Pierre Karl Péladeau’s foray into enemy newspaper territory started out in good humour, but it didn’t last long.
Mr. Péladeau, the star Parti Québécois candidate and controlling shareholder of Quebecor Inc., which includes the Journal de Montréal, ventured into the offices of Le Devoir for an interview, and sat across the table with former employee Marco Fortier. Mr. Fortier was a prominent political columnist at Le Journal when Mr. Péladeau locked out its workers. Mr. Fortier never went back. (Read the French-language interview)
Mr. Péladeau’s first order of business was to get Mr. Fortier to fetch him a cup of coffee. “Have there been budget cuts at Le Devoir? I’d take a coffee if you have any,” he said when presented with a glass of water.
The interview covered a wide range: Mr. Péladeau is a vegetarian who believes people will no longer eat meat in 50 years. He described his network of TV stations and tabloid newspapers as a jewel of Quebec cultural heritage.

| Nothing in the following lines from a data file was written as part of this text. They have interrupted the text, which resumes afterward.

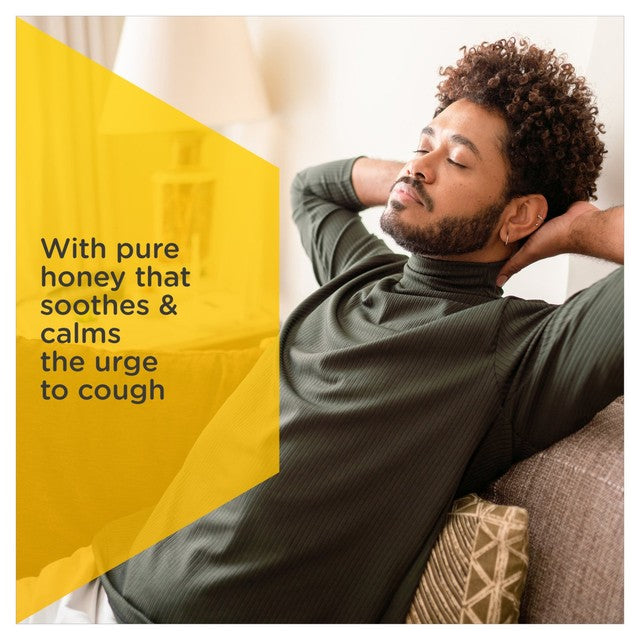 Zarbee's cough syrup 150ml (British brand)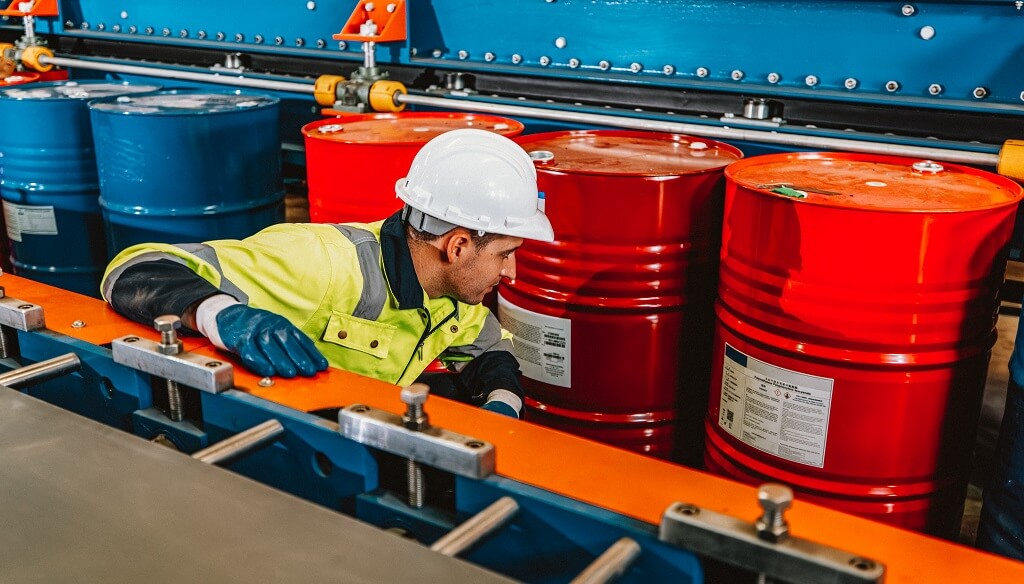 General Safety Standards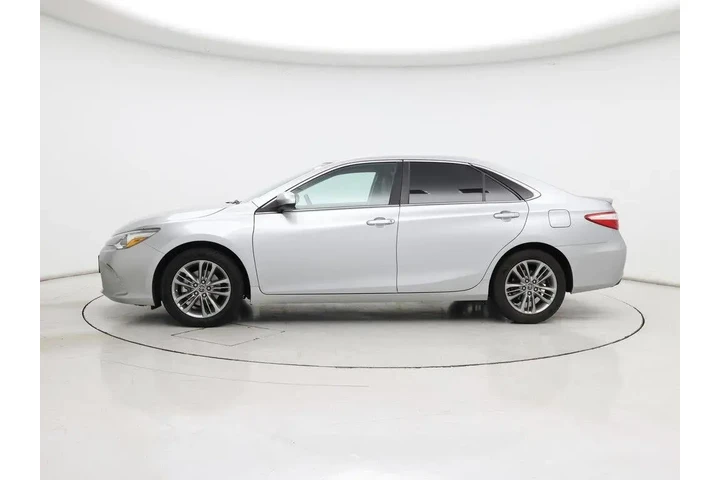 $18998 : Toyota Camry 2015 SE 4dr Sed image 3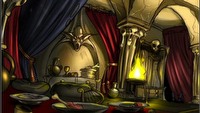 Simon the Sorcerer 4 w sieci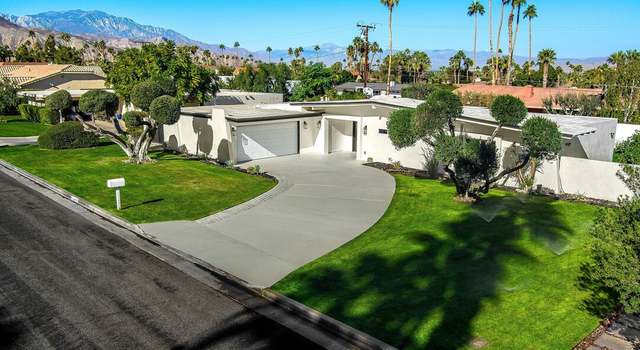 Photo of 74070 Mockingbird Trl, Indian Wells, CA 92210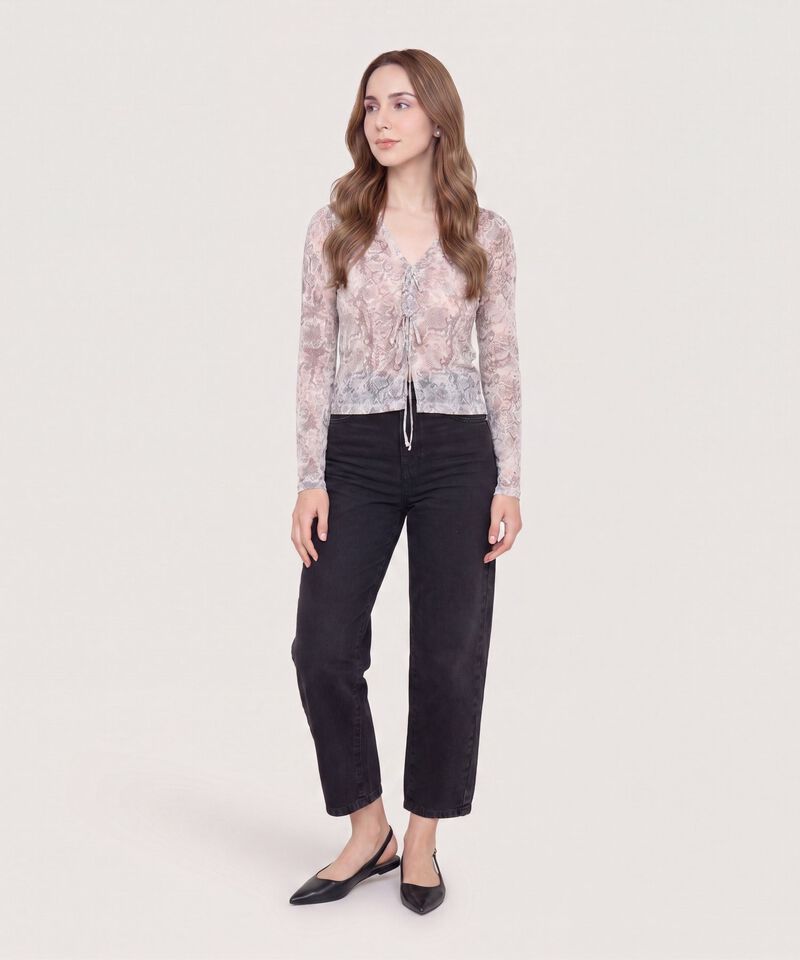 camisetas mujer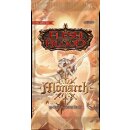 Flesh and Blood: Monarch Booster - Unlimited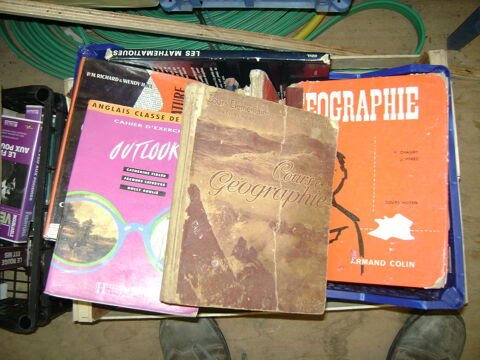 Ancien livres d'�cole 5 Sepmes (37)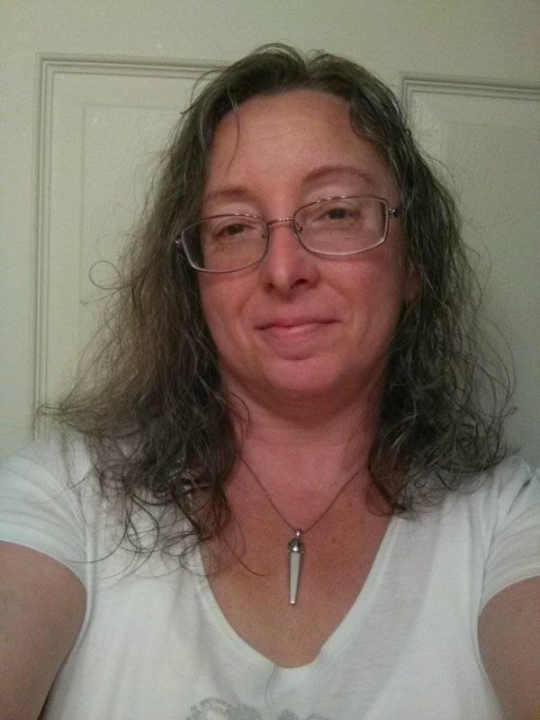 Jodi Wisowaty - Class of 1993 - John C. Birdlebough High School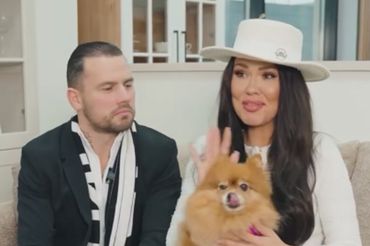 Sylwia Bomba w reklamie mebli Bodzio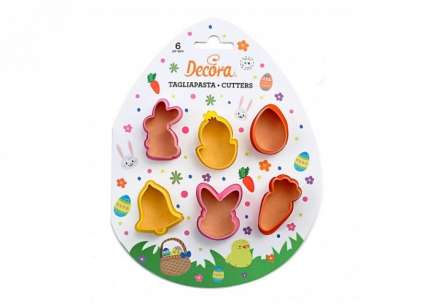Cutters Tagliabiscotti Pasquali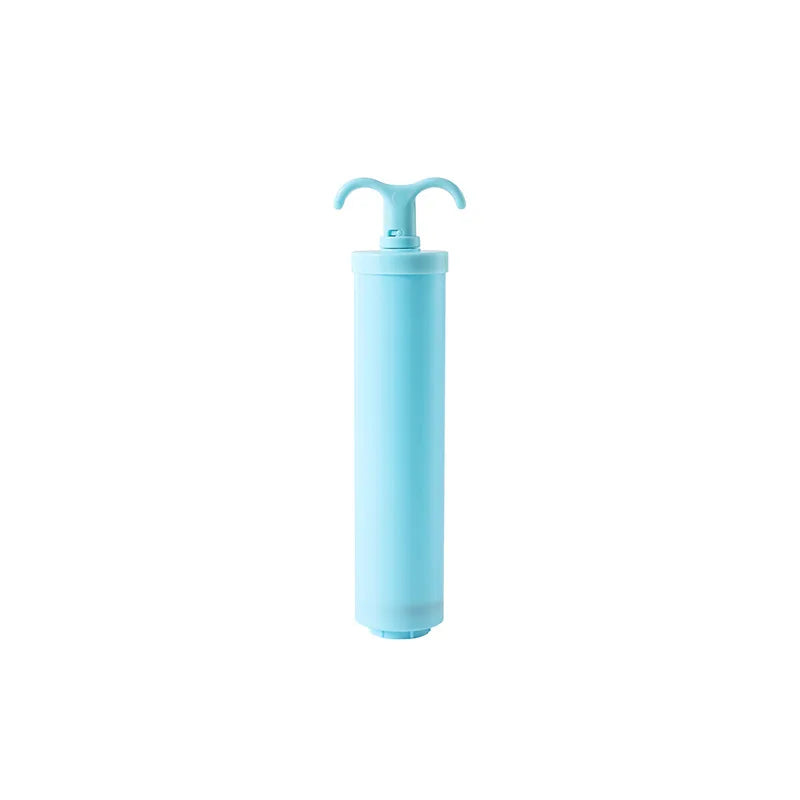 Vacuum Bag Pump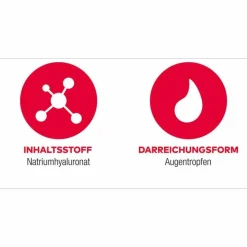 Sale Aliud Pharma Hyaluron AL Augentropfen 1,5 mg / ml, 1X10 ml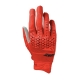 LEATT RĘKAWICE MOTO 4.5 LITE GLOVE RED KOLOR CZERWONY ROZMIAR S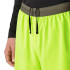 Pantalones de Trail The North Face Sunriser 2 In 1 Hombre Amarillo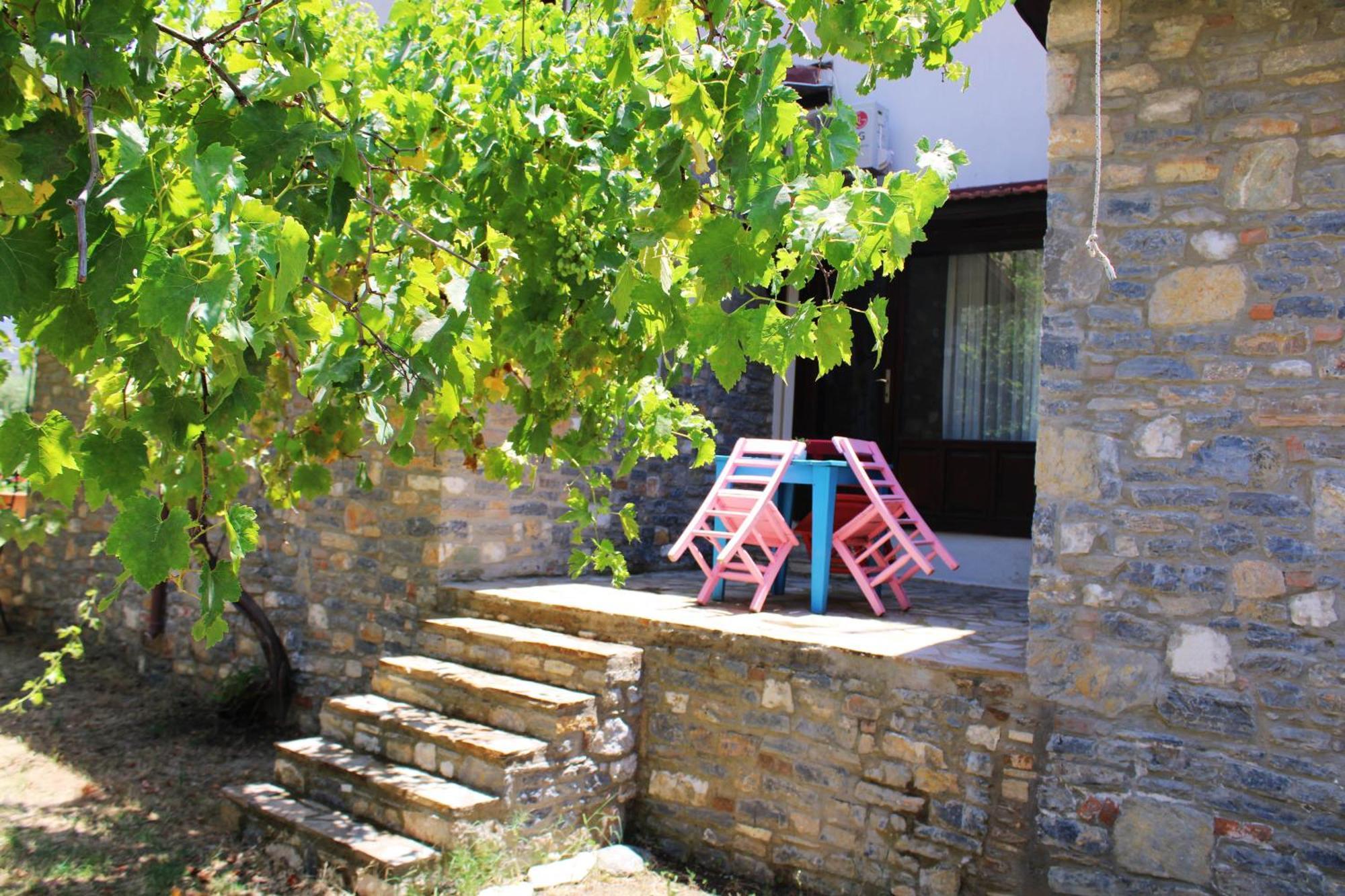 Pir Efes Konaklari İzmir Eksteriør bilde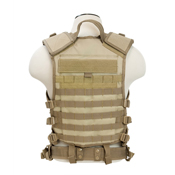 NcStar Large PALS/MOLLE Modular Vest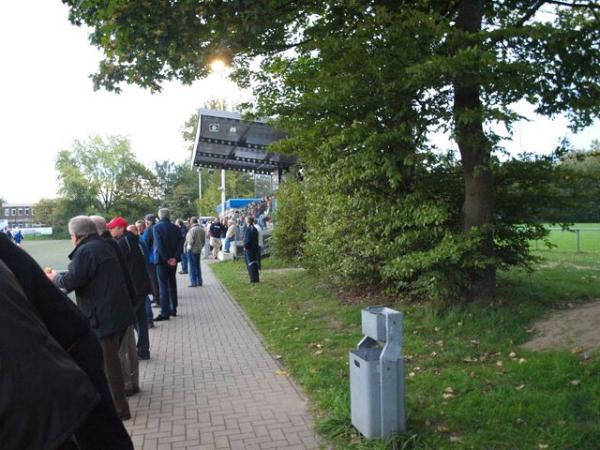 Loekampstadion - Marl-Hüls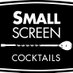 SmallScreenCocktails (@smlscrncocktail) Twitter profile photo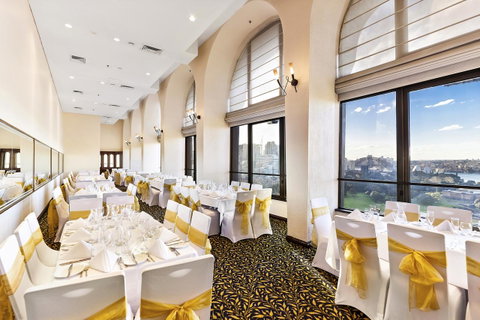 The Sydney Boulevard Hotel - Sydney Tourism 30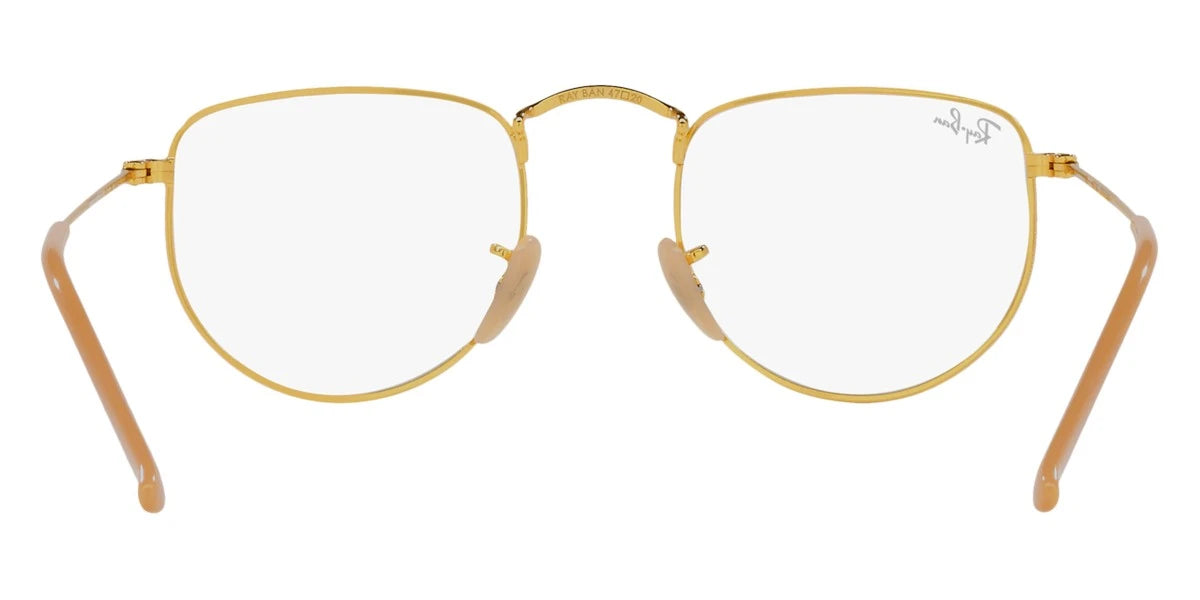 Ray-Ban RX3958V 3086 47 - Legend Gold
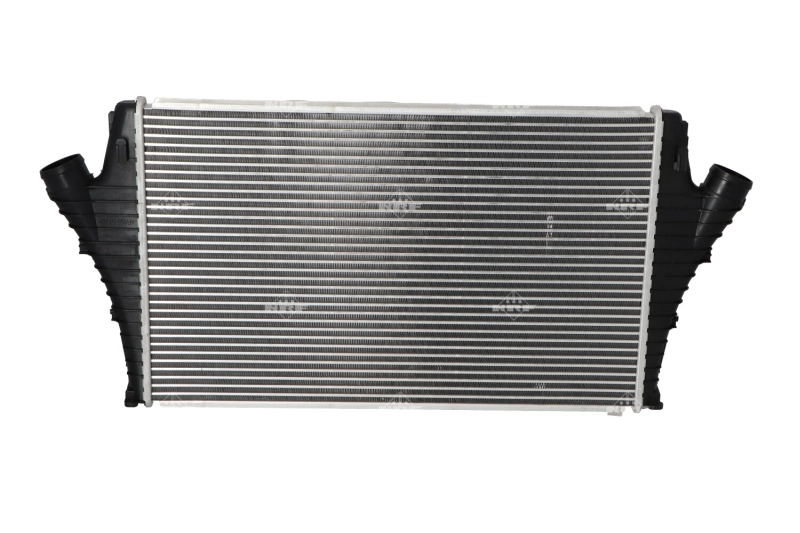 Do koszyka Chłodnica intercoolera Saab 9-3  YS3F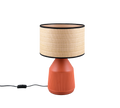 FORMENTERA | Table lamp | Terracotta | Ceramic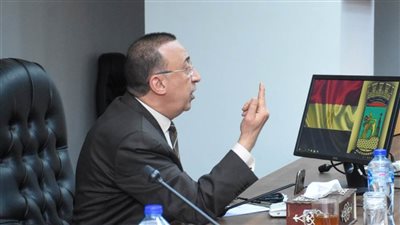 محافظ الإسكندرية تحتفل غدًا باليوم العالمي للمرأة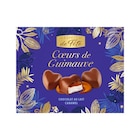 Cœurs de Guimauve - ESPRIT DE FÊTE dans le catalogue Carrefour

Mr. Péladeau maintained he is not in a conflict of interest holding 40 per cent of Quebec media while potentially sitting at the cabinet table. He insists he has not been gagged, even if he is much less forceful in selling sovereignty – his fist-raised cry that he wants to build a country is largely blamed for derailing the PQ campaign.
“I didn’t get any orders (from the PQ), I’m not hiding, I’m not under camouflage,” he said.
The interview ended on the shared history of Mr. Fortier and Mr. Péladeau. The media magnate insisted he’s never given marching orders to reporters. Mr. Fortier replied that he doesn’t need to give orders because his underlings know very well how to toe the Quebecor line. His indignation mounted, Mr. Fortier wrote. “If you want a co-operative, there was a co-operative,” Mr. Péladeau said.
It was a pointed reference to Rue Frontenac, the site founded by locked-out journalists, including Mr. Fortier, that ran from 2009 to 2011. Mr. Péladeau insisted the lockout was necessary to guarantee the Journal’s long-term profitability.
“We spoke for a long time,” Mr. Fortier writes to end his article. “Voices were raised. Mr. Péladeau’s press attaché insisted it was time to go. The candidate remained at the table, bemused, with his cup of coffee.”